** Supplied records follows **

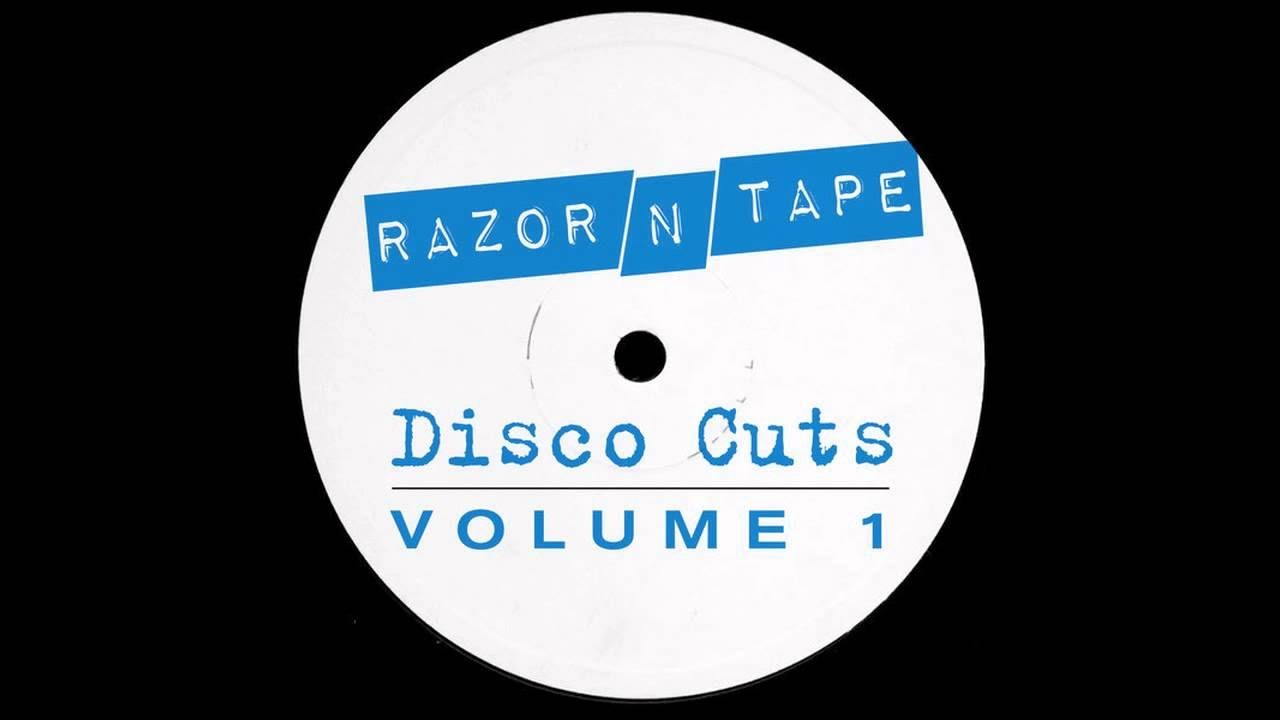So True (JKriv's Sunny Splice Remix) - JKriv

** End of Supplied records **
** Supplied records follows **

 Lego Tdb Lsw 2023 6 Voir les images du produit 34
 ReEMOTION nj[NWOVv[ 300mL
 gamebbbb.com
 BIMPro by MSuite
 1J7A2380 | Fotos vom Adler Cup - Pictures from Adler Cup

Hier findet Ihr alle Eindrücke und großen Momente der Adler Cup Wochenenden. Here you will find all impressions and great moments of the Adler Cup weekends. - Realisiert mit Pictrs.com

** End of Supplied records **

Work task:
In the entries above, find the line holding "1J7A2380 | Fotos" and the line holding "Hier findet Ihr", then retype exactly those two lines and every line between them, and nothing else.

Solution to the exercise:
 1J7A2380 | Fotos vom Adler Cup - Pictures from Adler Cup

Hier findet Ihr alle Eindrücke und großen Momente der Adler Cup Wochenenden. Here you will find all impressions and great moments of the Adler Cup weekends. - Realisiert mit Pictrs.com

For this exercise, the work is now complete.